Buyer’s Journeys in B2B and B2C differ mainly in their complexity. For example, 77% of B2B buyers say their last purchase was very complex.
This is due to several aspects:
- In B2B purchases, multiple decision makers are involved, all of whom undertake their own research and thus arrive at their own decisions.
- The buying process in B2B is not linear. Again and again, approvals have to be obtained, budgets granted and legal issues examined.
- The market for B2B solutions is crowded and there are more and more new providers.
Brent Adamson, a VP at Gartner, summarizes the problems of getting to a buying decision in the B2B space as follows:
“As hard as it has become to sell in today’s world, it has become that much harder to buy. The biggest challenge in selling today is not selling, but our customers’ struggle to buy.”
The different requirements for a B2B and a B2C Buyers Journey
Basically, B2B Buyer’s Journeys and B2C Buyer’s Journeys differ in the following areas:
B2C Buyer’s Journey | B2B Buyer’s Journey | |
Awareness phase | – Problem detection – Information search | – Problem detection – Information search |
Consideration phase | – Concretization of the problem – Solution finding | – Concretization of the problem – Requirement creation – Solution finding |
Decision phase | – Selection or comparison of the different providers | – Supplier selection – Validation – Examination – Consensus building – Negotiation |
Decision maker Quantity | – Individual decision makers | – 7-12 Decision maker |
Process length | – Short process – Brand loyalty is built quickly | – Long process – Brand loyalty is built up only slowly |
Due to these differences, other measures are also necessary in the B2B area in order to be able to accompany the customer as efficiently as possible on his buyer’s journey.

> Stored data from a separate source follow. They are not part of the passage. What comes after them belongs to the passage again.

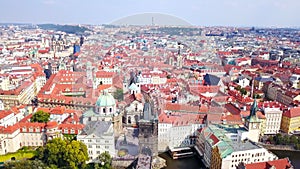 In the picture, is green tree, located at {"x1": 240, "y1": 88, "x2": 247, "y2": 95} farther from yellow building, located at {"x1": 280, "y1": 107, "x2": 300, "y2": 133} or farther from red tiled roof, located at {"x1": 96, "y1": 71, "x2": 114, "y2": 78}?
red tiled roof, located at {"x1": 96, "y1": 71, "x2": 114, "y2": 78}

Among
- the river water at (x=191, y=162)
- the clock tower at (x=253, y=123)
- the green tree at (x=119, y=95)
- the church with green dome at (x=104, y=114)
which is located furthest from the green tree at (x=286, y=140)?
the green tree at (x=119, y=95)

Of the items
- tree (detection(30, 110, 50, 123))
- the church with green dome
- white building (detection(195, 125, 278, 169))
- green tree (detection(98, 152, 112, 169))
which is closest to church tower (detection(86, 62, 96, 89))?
tree (detection(30, 110, 50, 123))

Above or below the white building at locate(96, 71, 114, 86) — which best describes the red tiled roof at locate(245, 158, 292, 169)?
below

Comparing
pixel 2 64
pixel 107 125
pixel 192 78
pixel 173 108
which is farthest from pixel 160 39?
pixel 107 125

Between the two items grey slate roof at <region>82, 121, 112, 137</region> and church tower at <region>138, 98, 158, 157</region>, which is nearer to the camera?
church tower at <region>138, 98, 158, 157</region>

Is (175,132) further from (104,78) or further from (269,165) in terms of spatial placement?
(104,78)

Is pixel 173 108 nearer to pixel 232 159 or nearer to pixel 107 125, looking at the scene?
pixel 107 125

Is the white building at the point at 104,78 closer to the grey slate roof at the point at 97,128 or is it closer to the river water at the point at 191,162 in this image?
the grey slate roof at the point at 97,128

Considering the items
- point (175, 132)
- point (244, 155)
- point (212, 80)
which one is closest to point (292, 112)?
point (244, 155) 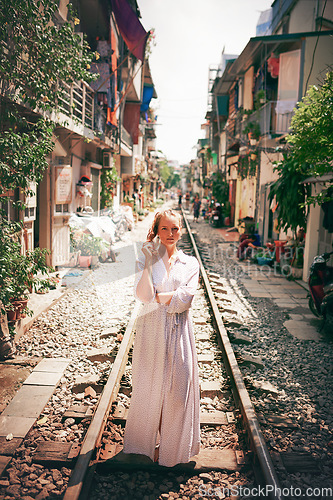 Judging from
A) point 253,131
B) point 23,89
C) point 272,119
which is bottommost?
point 23,89

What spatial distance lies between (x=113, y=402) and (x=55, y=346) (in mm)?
1793

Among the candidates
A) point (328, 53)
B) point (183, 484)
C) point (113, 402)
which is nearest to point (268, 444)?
point (183, 484)

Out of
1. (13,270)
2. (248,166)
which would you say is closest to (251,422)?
(13,270)

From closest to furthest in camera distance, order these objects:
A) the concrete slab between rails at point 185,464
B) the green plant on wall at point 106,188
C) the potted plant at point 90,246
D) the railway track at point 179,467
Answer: the railway track at point 179,467 → the concrete slab between rails at point 185,464 → the potted plant at point 90,246 → the green plant on wall at point 106,188

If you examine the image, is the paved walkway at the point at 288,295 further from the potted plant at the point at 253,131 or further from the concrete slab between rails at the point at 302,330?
the potted plant at the point at 253,131

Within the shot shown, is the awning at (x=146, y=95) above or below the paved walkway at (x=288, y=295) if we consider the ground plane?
above

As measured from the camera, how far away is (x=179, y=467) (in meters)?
3.36

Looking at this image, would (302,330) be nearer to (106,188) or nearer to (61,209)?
(61,209)

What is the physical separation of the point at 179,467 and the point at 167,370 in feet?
2.74

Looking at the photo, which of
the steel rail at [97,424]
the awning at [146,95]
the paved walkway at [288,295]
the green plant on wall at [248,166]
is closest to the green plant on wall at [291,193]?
the paved walkway at [288,295]

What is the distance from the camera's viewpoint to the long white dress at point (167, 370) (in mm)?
3174

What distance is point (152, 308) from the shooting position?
3182 mm

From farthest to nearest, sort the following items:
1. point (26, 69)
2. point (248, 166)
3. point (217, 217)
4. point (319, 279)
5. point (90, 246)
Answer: point (217, 217) < point (248, 166) < point (90, 246) < point (319, 279) < point (26, 69)

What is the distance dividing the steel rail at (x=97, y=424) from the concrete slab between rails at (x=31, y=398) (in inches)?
25.4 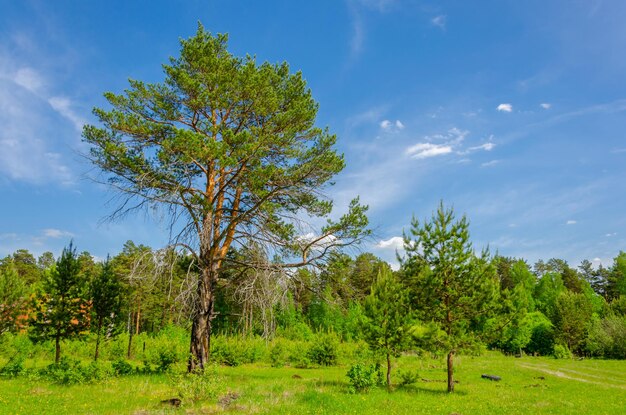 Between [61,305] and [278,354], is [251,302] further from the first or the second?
[278,354]

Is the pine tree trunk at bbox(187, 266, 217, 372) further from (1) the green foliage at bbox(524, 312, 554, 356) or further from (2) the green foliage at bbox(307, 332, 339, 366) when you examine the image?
(1) the green foliage at bbox(524, 312, 554, 356)

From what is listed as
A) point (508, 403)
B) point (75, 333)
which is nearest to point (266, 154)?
point (508, 403)

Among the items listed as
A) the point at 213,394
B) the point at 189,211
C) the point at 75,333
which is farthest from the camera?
the point at 75,333

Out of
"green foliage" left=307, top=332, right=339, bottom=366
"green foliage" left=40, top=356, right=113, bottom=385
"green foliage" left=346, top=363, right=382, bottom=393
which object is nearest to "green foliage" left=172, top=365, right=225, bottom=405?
"green foliage" left=346, top=363, right=382, bottom=393

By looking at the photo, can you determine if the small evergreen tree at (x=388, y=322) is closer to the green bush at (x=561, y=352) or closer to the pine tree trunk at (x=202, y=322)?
the pine tree trunk at (x=202, y=322)

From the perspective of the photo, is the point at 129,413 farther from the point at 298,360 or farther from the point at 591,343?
the point at 591,343

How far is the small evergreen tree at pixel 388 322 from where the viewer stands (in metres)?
18.3

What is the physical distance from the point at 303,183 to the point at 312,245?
296 cm

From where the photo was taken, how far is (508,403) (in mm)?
14539

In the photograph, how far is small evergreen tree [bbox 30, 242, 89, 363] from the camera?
23422mm

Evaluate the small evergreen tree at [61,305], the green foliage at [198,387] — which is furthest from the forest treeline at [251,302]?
the green foliage at [198,387]

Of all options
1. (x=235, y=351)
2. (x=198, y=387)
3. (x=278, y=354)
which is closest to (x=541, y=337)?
(x=278, y=354)

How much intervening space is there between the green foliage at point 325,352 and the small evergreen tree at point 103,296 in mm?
15582

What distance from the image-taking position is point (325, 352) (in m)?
32.0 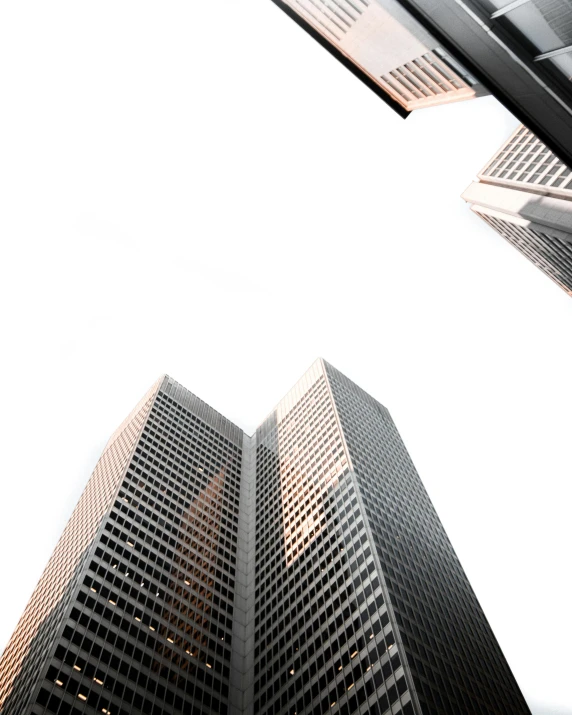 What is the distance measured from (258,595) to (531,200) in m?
89.6

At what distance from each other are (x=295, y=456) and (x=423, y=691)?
70.4 metres

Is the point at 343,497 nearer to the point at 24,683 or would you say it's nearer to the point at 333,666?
the point at 333,666

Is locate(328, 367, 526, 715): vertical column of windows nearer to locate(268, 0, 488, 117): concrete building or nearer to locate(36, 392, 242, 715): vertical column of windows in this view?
locate(36, 392, 242, 715): vertical column of windows

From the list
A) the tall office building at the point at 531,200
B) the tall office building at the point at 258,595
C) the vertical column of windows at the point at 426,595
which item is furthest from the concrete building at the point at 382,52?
the vertical column of windows at the point at 426,595

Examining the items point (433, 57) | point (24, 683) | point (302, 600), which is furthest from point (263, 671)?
point (433, 57)

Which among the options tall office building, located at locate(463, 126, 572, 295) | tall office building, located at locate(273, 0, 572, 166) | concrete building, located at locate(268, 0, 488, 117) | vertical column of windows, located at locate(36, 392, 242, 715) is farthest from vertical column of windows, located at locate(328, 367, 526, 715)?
concrete building, located at locate(268, 0, 488, 117)

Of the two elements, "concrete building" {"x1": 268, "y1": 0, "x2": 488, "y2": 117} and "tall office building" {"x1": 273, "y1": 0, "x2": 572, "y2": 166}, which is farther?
"concrete building" {"x1": 268, "y1": 0, "x2": 488, "y2": 117}

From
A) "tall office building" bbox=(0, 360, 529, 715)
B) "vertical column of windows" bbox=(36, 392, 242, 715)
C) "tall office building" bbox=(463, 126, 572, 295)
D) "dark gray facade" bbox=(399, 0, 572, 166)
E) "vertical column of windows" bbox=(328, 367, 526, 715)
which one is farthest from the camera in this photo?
"tall office building" bbox=(463, 126, 572, 295)

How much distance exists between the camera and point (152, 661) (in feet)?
251

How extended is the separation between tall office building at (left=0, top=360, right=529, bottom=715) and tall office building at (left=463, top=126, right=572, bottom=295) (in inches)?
2262

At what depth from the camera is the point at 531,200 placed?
8325cm

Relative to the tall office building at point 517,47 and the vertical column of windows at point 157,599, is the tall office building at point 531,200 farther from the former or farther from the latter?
the vertical column of windows at point 157,599

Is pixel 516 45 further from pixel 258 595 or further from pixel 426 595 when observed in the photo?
pixel 258 595

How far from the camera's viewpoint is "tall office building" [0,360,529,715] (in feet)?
230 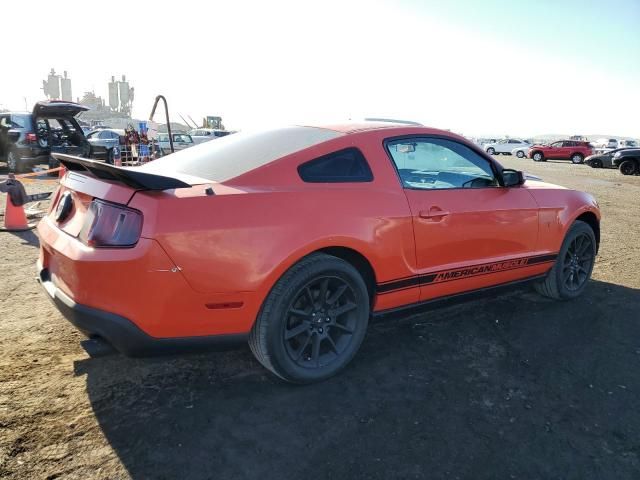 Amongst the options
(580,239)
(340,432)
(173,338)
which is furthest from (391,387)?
(580,239)

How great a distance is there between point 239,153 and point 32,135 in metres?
12.9

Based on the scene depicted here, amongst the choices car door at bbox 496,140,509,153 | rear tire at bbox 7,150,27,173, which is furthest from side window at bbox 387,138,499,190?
car door at bbox 496,140,509,153

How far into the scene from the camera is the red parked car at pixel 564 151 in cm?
3244

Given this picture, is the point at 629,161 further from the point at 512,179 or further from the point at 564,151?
the point at 512,179

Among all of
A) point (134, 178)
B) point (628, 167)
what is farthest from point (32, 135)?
point (628, 167)

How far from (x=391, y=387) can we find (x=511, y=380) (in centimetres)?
78

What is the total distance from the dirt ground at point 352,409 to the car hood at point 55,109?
11424mm

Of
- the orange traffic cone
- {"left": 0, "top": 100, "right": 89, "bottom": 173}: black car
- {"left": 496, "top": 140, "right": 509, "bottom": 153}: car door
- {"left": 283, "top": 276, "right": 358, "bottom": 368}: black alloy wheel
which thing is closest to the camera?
{"left": 283, "top": 276, "right": 358, "bottom": 368}: black alloy wheel

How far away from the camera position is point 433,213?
320 centimetres

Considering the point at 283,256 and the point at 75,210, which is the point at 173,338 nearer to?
the point at 283,256

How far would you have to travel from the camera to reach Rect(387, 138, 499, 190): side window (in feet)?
11.0

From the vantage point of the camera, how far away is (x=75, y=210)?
108 inches

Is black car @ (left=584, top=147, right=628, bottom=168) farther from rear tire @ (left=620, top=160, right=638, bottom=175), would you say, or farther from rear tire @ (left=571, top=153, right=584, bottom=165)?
rear tire @ (left=571, top=153, right=584, bottom=165)

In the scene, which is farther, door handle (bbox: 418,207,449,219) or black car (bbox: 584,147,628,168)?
black car (bbox: 584,147,628,168)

The helpful measures in a B2B Buyers Journey.
The awareness phase is driven in B2B by a wide variety of departments. Therefore, several buyer personas should also be used as a guide here.
After all, departments such as marketing, sales, CS and IT pursue completely different goals and place value on other things. Attention should be paid to this different profile of requirements when creating custom-fit content.
In the consideration phase, the first decision makers come on board; they have little time and yet ultimately want to make an informed decision. The decision should be made easier for them by the following resources:
- Case studies
- Expert Guides
- Buyers Guides
- Whitepapers
- Compare
When the customer enters the decision-making phase, he has already narrowed down what he is looking for and which providers are suitable for him. Therefore, it is now important to differentiate one’s own offer from that of the competition. This can be accomplished with the following resources:
- Trial versions
- Product demos
- Testimonials
- Product reviews
- Customized Case Studies
- Sales calls
Since the requirements of a B2B Buyer’s Journey differ from those of a B2C Buyer’s Journey, the measures should also differ. It should therefore always be borne in mind that sales are not made to individuals here, but to numerous decision-makers, and also that the sales process can take a very long time due to its non-linearity.
Conclusion – Always make your Buyers Journey dependent on your customers
No matter how you design your buyer’s journey, your customers should always be at the heart of it. So put the focus on sincerely wanting to help your customers. That’s why you should definitely work on a meaningful Buyer Persona first and foremost and adjust your Buyer Journey based on it.
If you’ve succeeded, feel free to take it a step further, extend your Buyers Journey into a Growth Marketing Funnel and optimize your customer base beyond the initial purchase of products or services.
We hope that the article has expanded your know-how on the topic of Buyer’s Journey and wish you every success in implementing it.